Tech overlord Sam Altman’s legal skirmish with actor Scarlett Johansson brings the blurred lines between artificial intelligence and the world it seeks to transform into sharper focus.
For those who missed it, Johansson is suing Altman’s OpenAI over claims he ignored her refusal to grant consent to use her voice in its latest ChatGTP release – which was later unveiled with a generated voice using a husky, flirtatious tone Johansson says is unabashedly in the style of her work in the movie Her.
That 2014 film (about a sad and lonely guy who falls in love with his operating system) is said to be Altman’s favourite – although on a recent rewatch, conjuring up a compliant partner to cater to one’s every whim seems more red flag than vision splendid.
As the federal government grapples with this rapidly evolving technology – proposing to criminalise porn deepfakes while simultaneously developing industry standards to enhance AI trust – the Her fracas reinforces the contradiction at its heart.
Training machines to predict and automate based on the patterns of prior human experience can create outputs that border on the magical. Yet the dirty truth is that it is built on the stolen work of those whose behaviour it seeks to replicate. Whether you’re a Hollywood star, a writer, a teacher, a health worker or a truck driver, your labour is both the raw input and the end target of this technology.
According to the latest Guardian Essential report, the public response to AI is almost completely at odds with industry hype, with twice as many of us seeing the risk of AI outweighing the opportunities compared with those who think the inverse.
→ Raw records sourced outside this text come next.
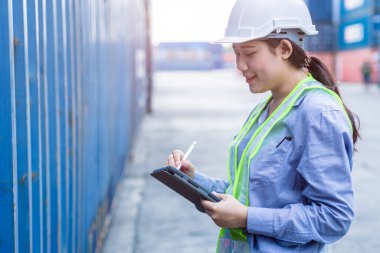 Lojistik kargo yükleme alanında çalışan kadın personel, ithalat konteynır kodunun gümrük detaylarını kontrol etmek için tablet kablosuz teknolojisini kullanmaktan memnun..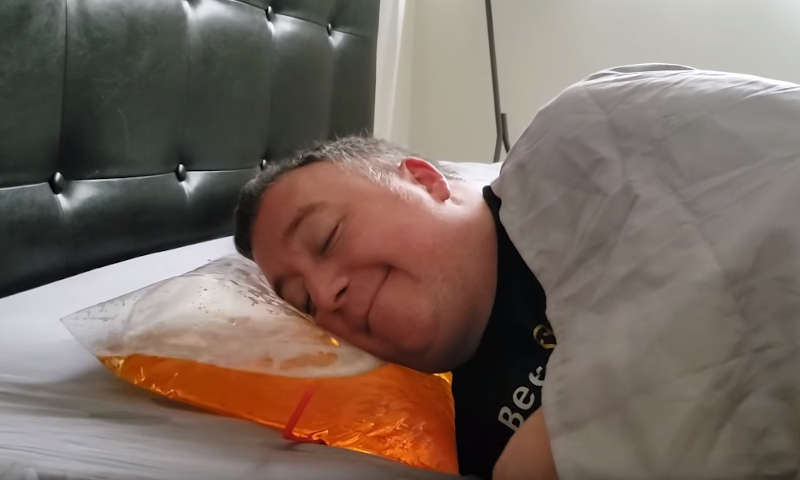 Man slaapt heerlijk op bierkussen // Screenshot Youtube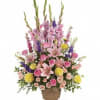 Tall mixed flower arrangement in a woven basket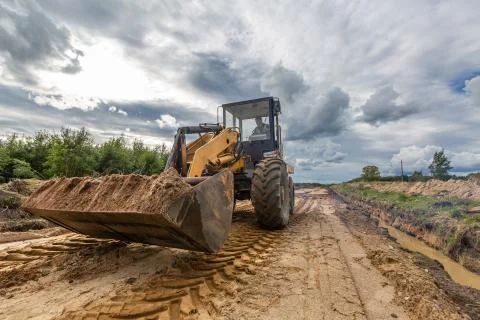 Road Construction and one of the construction machinery - bulldozer is Stock Photos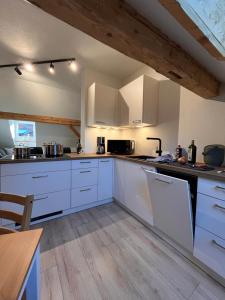 a kitchen with white cabinets and a wooden floor at Alpenheimat 1658 in Mittelberg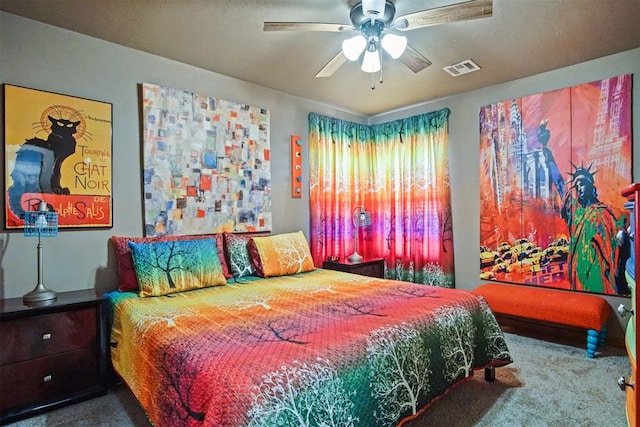 carpeted bedroom with a ceiling fan and visible vents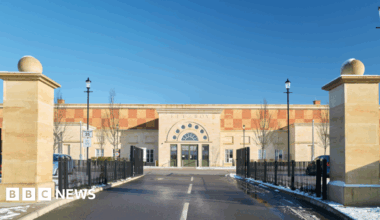Front of a modern building. It has an arched reception area and there are two stone columns in the foreground indicating the entrace. It is yellow and orange coloured. At the centre of the picture is a road with markings.
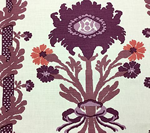 Fabric with repeating floral pattern in shades of purple and orange on a cream background.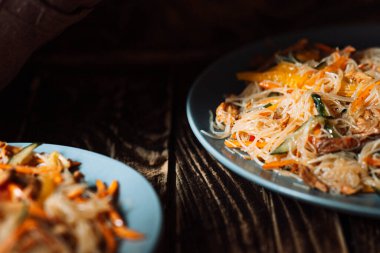 İki mavi tabak ve ahşap arka planda salata..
Which of the following is closest to your view about the introduction of Artificial Intelligence (AI) into workplaces, society and everyday life?
Decisions on how we manage this tension between risk and opportunity are ultimately political. In their remarkable book Power and Progress, economists Daron Acemoglu and Simon Johnson provide a compelling framework for thinking this through.
Their models show that where a technology simply automates or surveils workers in pursuit of efficiency, it leads to a concentration of wealth and power. It is only when systems are designed through the prism of “machine usefulness” (new tools, new products, new connections or new markets) that they deliver genuine productivity.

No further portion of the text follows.